0

tldr; What makes it necessary to include a transitive reference into the build path?

Explanation

I try to analyse some Java sourcecode that is compiled with the eclipse workspace. There are loads of projects in the workspace.

I try to detect unused references between projects.

My first approach was to go through all projects and take all the references from the .classpath files and then analyse all .java files in the same project. If a .java file has an import statement from another project than the the reference to this other project is necessary. That way I found some references in the classpath that had no "justification".

But when I deleted those references the build broke. One such case is, if a referenced class is extending a class from a third project. This project is referenced transitivly and needs to be in the build path.

I'm wondering what other kinds of relationships (other than inheritence) result in transitive references in the classpath? And what about multiple inheritence layers with each class of the inheritence lying in another project?

KFleischer
  • 942
  • 2
  • 11
  • 33

2 Answers2

0

Given

  • a ProjectA with a ClassA that references a ClassB from Project B
  • a third ProjectC with a ClassC

In those cases you need to reference ProjectC from projectA

  • if ClassB inherits/implements from classC and ClassA calls a method from ClassB.
  • if ClassA calls(!) a method from ClassB that has a signatures that contains ClassC (parameter or return value) (this is also true for Exceptions!)

Further, not all References of ProjectA can be found by looking at the import statements of ClassA.

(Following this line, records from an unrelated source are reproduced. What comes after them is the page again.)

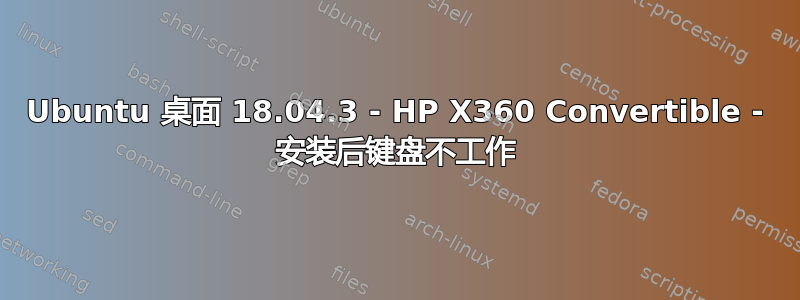 Ubuntu 桌面 18.04.3 - HP X360 Convertible - 安装后键盘不工作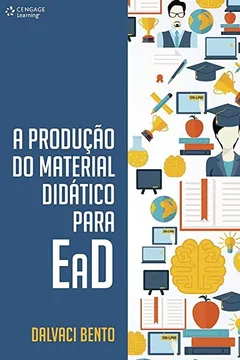 Livro A Produção Do Material Didático Para EAD - Resumo, Resenha, PDF, etc.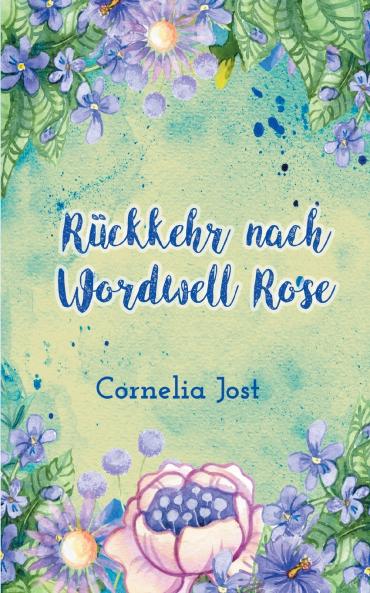 R��ckkehr nach Wordwell Rose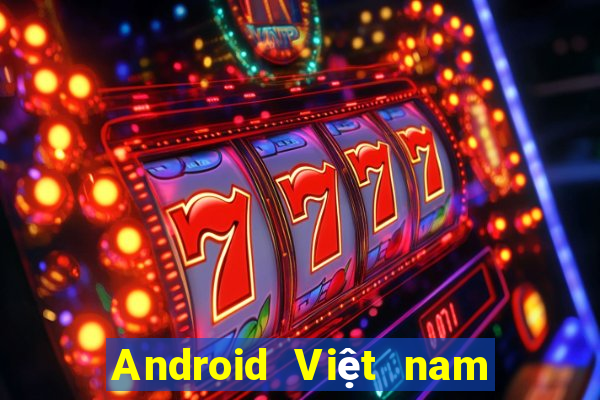 Android Việt nam Giải trí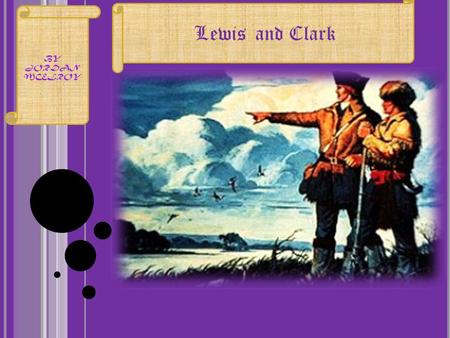 Lewis and Clark BY JORDAN MCELROY. T HE L OUISIANA P URCHASE The Louisiana purchase was one of the largest real estate deals in history. The united states.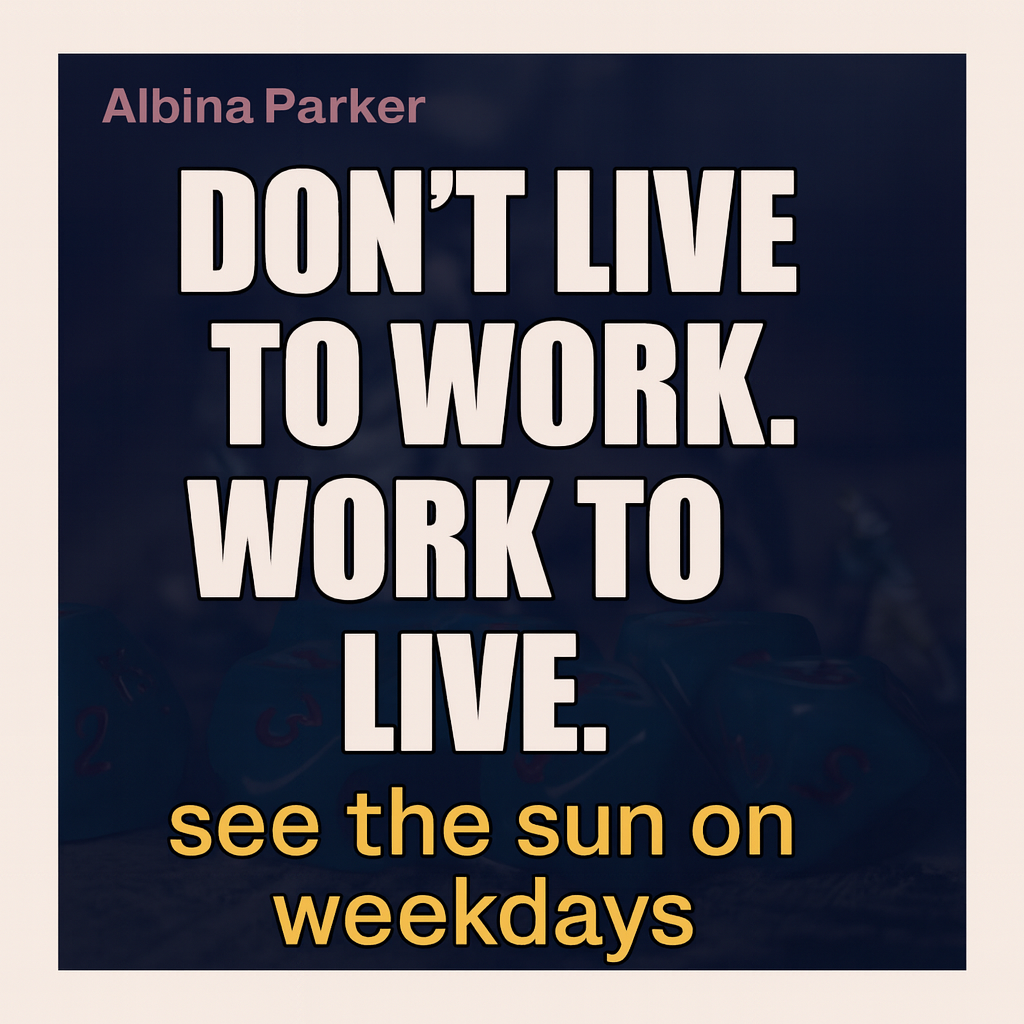 Don't live to work. Work to live. see the sun on weekdays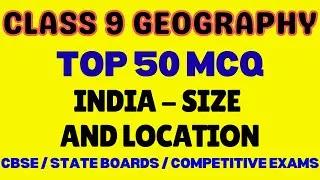 Best MCQ Class 9 India - Size & Location | Geography MCQs NCERT Class 9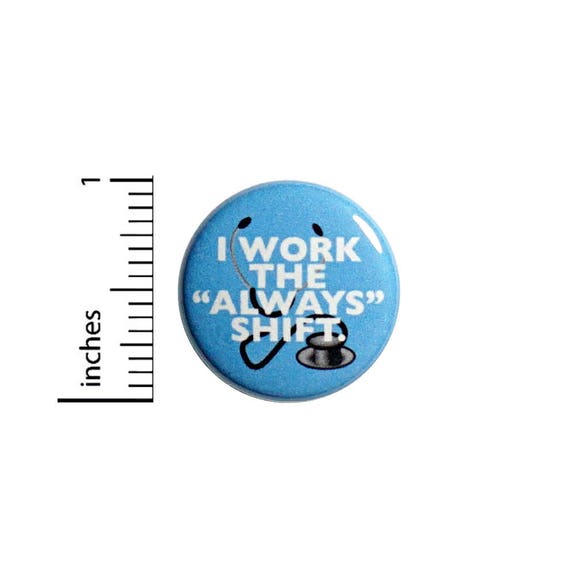 Funny Doctor Nurse Button I Work The "Always" Shift Stethoscope Pin 1 Inch #47-22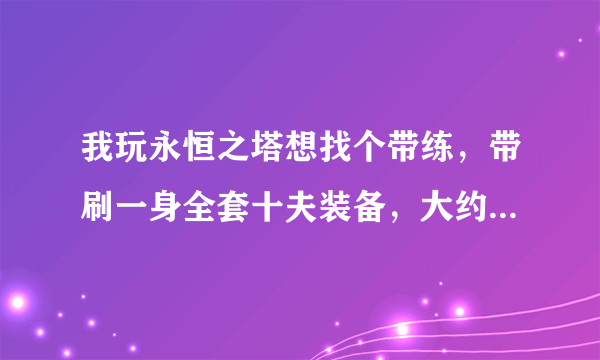 我玩永恒之塔想找个带练，带刷一身全套十夫装备，大约要多少钱？找谁带练呢？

  • If ClassC is used by ClassA and lies in the same package as ClassA, ClassC will not be listed as import in ClassA.
  • If ClassC is used by ClassA by its full name (incl. package name) than no Import statement is created.
KFleischer
  • 942
  • 2
  • 11
  • 33
0

What makes it necessary?

The enforced rules of Java compilation make it necessary. Java needs to know what is in the domain of code in order to validate the rules are followed. The domain is the set of jar files in your classpath. If you implement an interface, the non-abstract implementing class or the non-abstract children of a class implementing an interface need to implement the interface. Override annotations need to be satisfied. References to other methods need to be visible, from both the code perspective and the human perspective. If a method uses a method in a different class or interface, the signature of the method needs to be known by the calling class.

How would I approach it?

I'll use "classifiers" to refer to both classes and interfaces. You want to start with a set of known validated classifiers and known unvalidated classifiers.
Start with the known unvalidated classifiers are all the classifiers in your target project and known validate classifiers is empty.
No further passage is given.